* **What the task asks**
Line by line, repeat the material below without any deviation.

---+---

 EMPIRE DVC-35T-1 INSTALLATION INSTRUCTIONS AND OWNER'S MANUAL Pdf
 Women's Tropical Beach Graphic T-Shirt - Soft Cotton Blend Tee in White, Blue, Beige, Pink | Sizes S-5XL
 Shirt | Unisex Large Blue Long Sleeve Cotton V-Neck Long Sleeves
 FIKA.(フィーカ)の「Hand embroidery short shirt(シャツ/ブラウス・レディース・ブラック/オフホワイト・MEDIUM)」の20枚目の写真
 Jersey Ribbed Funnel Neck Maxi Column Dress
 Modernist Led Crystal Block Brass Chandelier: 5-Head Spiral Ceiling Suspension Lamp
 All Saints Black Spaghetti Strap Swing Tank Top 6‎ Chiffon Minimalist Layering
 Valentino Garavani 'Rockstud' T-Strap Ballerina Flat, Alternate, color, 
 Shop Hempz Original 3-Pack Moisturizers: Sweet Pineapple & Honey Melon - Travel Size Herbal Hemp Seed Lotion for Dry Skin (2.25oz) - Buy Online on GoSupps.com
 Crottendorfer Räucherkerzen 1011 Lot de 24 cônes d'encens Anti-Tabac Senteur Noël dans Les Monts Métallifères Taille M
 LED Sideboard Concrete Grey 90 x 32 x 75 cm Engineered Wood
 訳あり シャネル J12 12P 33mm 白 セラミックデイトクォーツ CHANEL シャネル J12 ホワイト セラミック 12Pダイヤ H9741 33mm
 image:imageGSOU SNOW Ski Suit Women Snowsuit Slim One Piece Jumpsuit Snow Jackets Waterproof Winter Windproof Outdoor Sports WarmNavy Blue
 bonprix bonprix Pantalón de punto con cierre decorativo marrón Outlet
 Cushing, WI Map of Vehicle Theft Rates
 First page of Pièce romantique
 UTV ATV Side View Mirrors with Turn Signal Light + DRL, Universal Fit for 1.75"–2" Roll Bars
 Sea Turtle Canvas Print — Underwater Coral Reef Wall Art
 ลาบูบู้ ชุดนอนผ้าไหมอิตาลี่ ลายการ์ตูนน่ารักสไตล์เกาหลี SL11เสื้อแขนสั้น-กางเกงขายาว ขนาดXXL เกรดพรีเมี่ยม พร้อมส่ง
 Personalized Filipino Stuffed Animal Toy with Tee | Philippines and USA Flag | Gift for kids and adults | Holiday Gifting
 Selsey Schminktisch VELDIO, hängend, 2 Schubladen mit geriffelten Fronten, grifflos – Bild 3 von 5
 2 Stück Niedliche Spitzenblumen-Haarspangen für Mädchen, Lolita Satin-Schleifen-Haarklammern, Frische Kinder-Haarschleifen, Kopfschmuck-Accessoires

---+---

* **Output below**
 EMPIRE DVC-35T-1 INSTALLATION INSTRUCTIONS AND OWNER'S MANUAL Pdf
 Women's Tropical Beach Graphic T-Shirt - Soft Cotton Blend Tee in White, Blue, Beige, Pink | Sizes S-5XL
 Shirt | Unisex Large Blue Long Sleeve Cotton V-Neck Long Sleeves
 FIKA.(フィーカ)の「Hand embroidery short shirt(シャツ/ブラウス・レディース・ブラック/オフホワイト・MEDIUM)」の20枚目の写真
 Jersey Ribbed Funnel Neck Maxi Column Dress
 Modernist Led Crystal Block Brass Chandelier: 5-Head Spiral Ceiling Suspension Lamp
 All Saints Black Spaghetti Strap Swing Tank Top 6‎ Chiffon Minimalist Layering
 Valentino Garavani 'Rockstud' T-Strap Ballerina Flat, Alternate, color, 
 Shop Hempz Original 3-Pack Moisturizers: Sweet Pineapple & Honey Melon - Travel Size Herbal Hemp Seed Lotion for Dry Skin (2.25oz) - Buy Online on GoSupps.com
 Crottendorfer Räucherkerzen 1011 Lot de 24 cônes d'encens Anti-Tabac Senteur Noël dans Les Monts Métallifères Taille M
 LED Sideboard Concrete Grey 90 x 32 x 75 cm Engineered Wood
 訳あり シャネル J12 12P 33mm 白 セラミックデイトクォーツ CHANEL シャネル J12 ホワイト セラミック 12Pダイヤ H9741 33mm
 image:imageGSOU SNOW Ski Suit Women Snowsuit Slim One Piece Jumpsuit Snow Jackets Waterproof Winter Windproof Outdoor Sports WarmNavy Blue
 bonprix bonprix Pantalón de punto con cierre decorativo marrón Outlet
 Cushing, WI Map of Vehicle Theft Rates
 First page of Pièce romantique
 UTV ATV Side View Mirrors with Turn Signal Light + DRL, Universal Fit for 1.75"–2" Roll Bars
 Sea Turtle Canvas Print — Underwater Coral Reef Wall Art
 ลาบูบู้ ชุดนอนผ้าไหมอิตาลี่ ลายการ์ตูนน่ารักสไตล์เกาหลี SL11เสื้อแขนสั้น-กางเกงขายาว ขนาดXXL เกรดพรีเมี่ยม พร้อมส่ง
 Personalized Filipino Stuffed Animal Toy with Tee | Philippines and USA Flag | Gift for kids and adults | Holiday Gifting
 Selsey Schminktisch VELDIO, hängend, 2 Schubladen mit geriffelten Fronten, grifflos – Bild 3 von 5
 2 Stück Niedliche Spitzenblumen-Haarspangen für Mädchen, Lolita Satin-Schleifen-Haarklammern, Frische Kinder-Haarschleifen, Kopfschmuck-Accessoires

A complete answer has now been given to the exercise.